Width: Some cats are messy scratchers and need a wider surface to do their work. Cat scratchers that hang are limited in width, ranging from five to nearly eight inches.
Length: If the scratcher isn’t long enough for your cat to stretch up on its hind legs and claw, it won’t be used. What counts (to a cat, at least) is the length of the scratcher minus the loop.
You can use a longer loop to adjust the height of the scratcher. Look for a loop that can withstand constant tugging and won’t easily slide off and end up on the floor. If it comes off the door while your cat is using the scratcher, it could sour your kitty on ever using it again.
If the hanging scratcher moves around too much, your cat won’t like it. A nonslip backing that’s sticky or tacky keeps it from sliding around too much.
When comparing hanging cat scratchers, keep an eye out for these features that may entice your kitty enough to make it his or her new favorite scratching area.
Catnip: Some scratchers are infused with catnip; others have a pocket to place a bag of catnip to entice cats to use the toy.
Interactive elements: Visual and tactile items, such as attached feathers, bells, or balls, can also attract a cat to use the scratcher.
Weighted hem: Some scratchers with fabric borders have small weights sewn into the hem to hold them down while your cat scratches.
Inexpensive: Under $10, you’ll find basic cat scratchers that hang on the door. Though mostly made of corrugated cardboard, you may find some sisal door hangers, too.
Mid-range: Between $10 to $15, you’ll find more aesthetically pleasing sisal scratchers with fabric borders, interactive elements and accessories, and slightly wider surfaces. In this price range, some of the hanging corrugated box scratchers can also be used as horizontal floor scratchers.
Expensive: In the $22 to $26 price range, you’ll find specialty types of hanging cat scratchers. The pricier items hang off a couch arm, wall, or even window. They’re made of sisal or corrugated cardboard, as well.
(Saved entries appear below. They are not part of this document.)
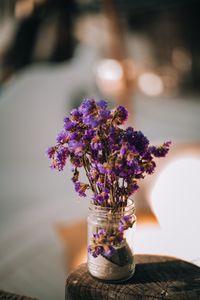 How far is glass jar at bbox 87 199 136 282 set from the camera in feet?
4.17

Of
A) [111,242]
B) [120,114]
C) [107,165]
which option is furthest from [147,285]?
[120,114]

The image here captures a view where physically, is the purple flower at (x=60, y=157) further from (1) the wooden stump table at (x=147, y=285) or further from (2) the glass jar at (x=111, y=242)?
(1) the wooden stump table at (x=147, y=285)

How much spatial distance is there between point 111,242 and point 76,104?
4670mm

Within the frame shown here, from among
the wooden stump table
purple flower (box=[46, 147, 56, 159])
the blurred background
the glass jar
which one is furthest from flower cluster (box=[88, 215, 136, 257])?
the blurred background

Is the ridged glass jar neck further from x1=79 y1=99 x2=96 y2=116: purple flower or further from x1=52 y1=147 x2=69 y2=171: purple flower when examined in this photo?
x1=79 y1=99 x2=96 y2=116: purple flower

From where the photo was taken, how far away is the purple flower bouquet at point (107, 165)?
1.21 meters

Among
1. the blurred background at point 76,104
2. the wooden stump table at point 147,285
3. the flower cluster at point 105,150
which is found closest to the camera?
the flower cluster at point 105,150

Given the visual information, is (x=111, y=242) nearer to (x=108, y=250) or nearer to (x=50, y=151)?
(x=108, y=250)

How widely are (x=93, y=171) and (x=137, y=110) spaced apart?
4.80 m

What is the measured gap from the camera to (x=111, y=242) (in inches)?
50.0

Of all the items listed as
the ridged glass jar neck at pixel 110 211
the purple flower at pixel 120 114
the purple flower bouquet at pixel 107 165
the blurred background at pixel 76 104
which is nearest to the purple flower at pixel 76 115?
the purple flower bouquet at pixel 107 165

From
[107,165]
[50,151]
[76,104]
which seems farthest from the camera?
[76,104]

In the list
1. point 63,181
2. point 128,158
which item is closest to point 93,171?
point 128,158

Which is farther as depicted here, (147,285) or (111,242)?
(147,285) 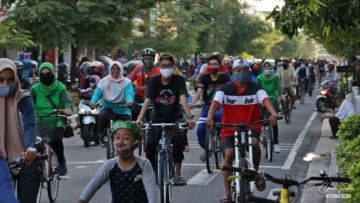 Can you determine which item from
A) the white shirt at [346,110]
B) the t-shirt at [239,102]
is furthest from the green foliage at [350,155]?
the white shirt at [346,110]

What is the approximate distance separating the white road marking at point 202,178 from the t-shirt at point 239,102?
292 centimetres

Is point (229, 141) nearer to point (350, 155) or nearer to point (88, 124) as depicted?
point (350, 155)

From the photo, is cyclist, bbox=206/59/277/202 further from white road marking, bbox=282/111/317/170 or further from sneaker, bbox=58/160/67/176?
white road marking, bbox=282/111/317/170

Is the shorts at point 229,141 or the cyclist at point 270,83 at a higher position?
the cyclist at point 270,83

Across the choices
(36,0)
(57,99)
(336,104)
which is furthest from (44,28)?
(57,99)

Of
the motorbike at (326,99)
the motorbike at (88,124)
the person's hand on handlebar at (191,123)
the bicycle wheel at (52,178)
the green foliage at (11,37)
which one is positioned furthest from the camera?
the motorbike at (326,99)

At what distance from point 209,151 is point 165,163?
3481 mm

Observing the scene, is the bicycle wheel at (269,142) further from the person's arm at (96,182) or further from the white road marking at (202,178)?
the person's arm at (96,182)

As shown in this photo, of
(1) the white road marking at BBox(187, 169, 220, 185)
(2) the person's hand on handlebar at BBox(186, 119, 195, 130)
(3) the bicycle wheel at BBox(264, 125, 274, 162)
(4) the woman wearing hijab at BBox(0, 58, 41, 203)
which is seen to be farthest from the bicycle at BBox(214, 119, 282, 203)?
(3) the bicycle wheel at BBox(264, 125, 274, 162)

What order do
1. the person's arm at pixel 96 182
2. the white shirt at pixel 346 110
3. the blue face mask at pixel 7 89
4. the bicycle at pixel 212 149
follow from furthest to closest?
1. the white shirt at pixel 346 110
2. the bicycle at pixel 212 149
3. the blue face mask at pixel 7 89
4. the person's arm at pixel 96 182

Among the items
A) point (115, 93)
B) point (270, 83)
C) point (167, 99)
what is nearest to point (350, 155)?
point (167, 99)

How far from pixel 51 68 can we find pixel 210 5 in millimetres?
47580

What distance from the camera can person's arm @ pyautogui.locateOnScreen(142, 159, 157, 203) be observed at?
20.3ft

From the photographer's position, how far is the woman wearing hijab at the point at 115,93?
14.5m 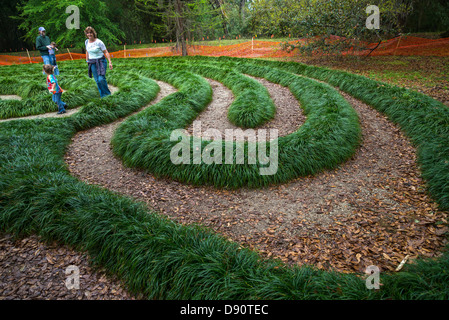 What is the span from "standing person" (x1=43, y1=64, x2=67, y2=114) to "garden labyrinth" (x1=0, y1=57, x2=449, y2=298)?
1.42ft

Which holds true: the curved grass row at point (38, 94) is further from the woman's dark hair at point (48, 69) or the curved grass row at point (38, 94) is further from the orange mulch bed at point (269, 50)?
the orange mulch bed at point (269, 50)

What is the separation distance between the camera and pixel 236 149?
4.21m

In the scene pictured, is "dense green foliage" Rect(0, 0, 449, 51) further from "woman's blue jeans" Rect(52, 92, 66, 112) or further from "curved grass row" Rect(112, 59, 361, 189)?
"woman's blue jeans" Rect(52, 92, 66, 112)

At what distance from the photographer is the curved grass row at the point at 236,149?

Look for a loose weave. Although the material used on a scratcher needs to be durable, it could be too tight for a cat to scratch. Cats like loosely woven material that they can tear into and leave a visual territorial mark. Cardboard and sisal hanging scratchers help a cat do just that.
Reward your cat for using the scratcher. Every time you see your cat using a scratcher, generously reward your furry friend with treats and affection. This helps a cat understand that there’s a positive association with scratching in that particular place.
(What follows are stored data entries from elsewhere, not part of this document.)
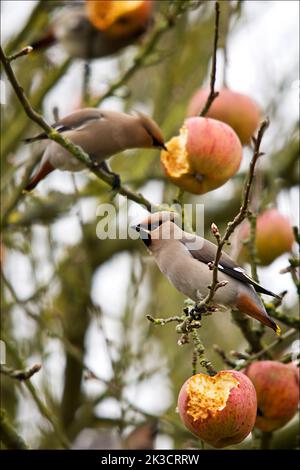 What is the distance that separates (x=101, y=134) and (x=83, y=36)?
1236 millimetres

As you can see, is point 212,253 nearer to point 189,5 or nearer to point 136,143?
point 136,143

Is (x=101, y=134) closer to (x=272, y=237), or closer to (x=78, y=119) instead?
(x=78, y=119)

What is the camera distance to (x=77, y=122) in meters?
4.02

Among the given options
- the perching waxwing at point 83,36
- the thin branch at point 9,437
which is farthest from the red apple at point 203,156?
the perching waxwing at point 83,36

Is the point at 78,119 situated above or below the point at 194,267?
above

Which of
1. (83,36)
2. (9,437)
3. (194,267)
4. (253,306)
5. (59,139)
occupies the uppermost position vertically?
(83,36)

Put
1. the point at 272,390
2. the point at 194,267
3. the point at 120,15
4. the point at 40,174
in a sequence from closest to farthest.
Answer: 1. the point at 194,267
2. the point at 272,390
3. the point at 40,174
4. the point at 120,15

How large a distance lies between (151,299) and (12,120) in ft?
4.79

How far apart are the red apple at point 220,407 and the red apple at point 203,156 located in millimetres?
969

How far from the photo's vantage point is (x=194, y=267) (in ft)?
10.1

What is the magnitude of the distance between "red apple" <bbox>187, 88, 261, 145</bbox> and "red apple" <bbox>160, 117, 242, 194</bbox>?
59cm

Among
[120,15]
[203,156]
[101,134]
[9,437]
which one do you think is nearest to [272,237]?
[101,134]

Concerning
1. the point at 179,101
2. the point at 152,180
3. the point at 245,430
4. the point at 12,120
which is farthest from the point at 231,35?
the point at 245,430

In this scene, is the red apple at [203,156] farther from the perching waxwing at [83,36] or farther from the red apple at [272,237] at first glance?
the perching waxwing at [83,36]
Q. Why won’t my cat use a scratcher with catnip?
A. Cats can be incredibly frustrating, but we love their independent nature. When it comes to catnip, it may be that your cat isn’t being stubborn but is simply unable to respond to the plant. The way a cat responds to catnip is hereditary. There’s a 50/50 chance your cat doesn’t have the gene that triggers the response. Kittens under three months, and sometimes six months, won’t respond to catnip, either. Another surprise: mature and geriatric cats may lose their sensitivity to catnip over time, too. Instead of catnip, try inviting your cat to use a hanging scratcher by adding dangling toys.
Q. Will my cat’s claws get stuck on a hanging cat scratcher?
A. Some cats seem to get themselves in situations where they can’t retract or release their claws from a surface, such as carpeting loops. That’s a good reason to have sisal or corrugated scratchers around the house to help them blunt their claws. However, some cats retain little tips on their claws no matter how much they scratch. You don’t want to find your kitty helplessly dangling from a claw stuck in a hanging scratcher, so learn how to clip the tips of its nails just enough so they won’t hook onto materials.
Q. Do cats prefer sisal rope or sisal fabric?
A. If only we could ask them, but we do at least know cats love sisal in general. Cats prefer to make long shredding marks not only to mark territory but also because it’s pleasurable. Sisal fabric tends to shred more easily under their claws. Sisal rope interrupts the downward shredding motion. However, all cats are different (finicky), and while one cat may love sisal fabric, another could prefer the feel of sisal rope.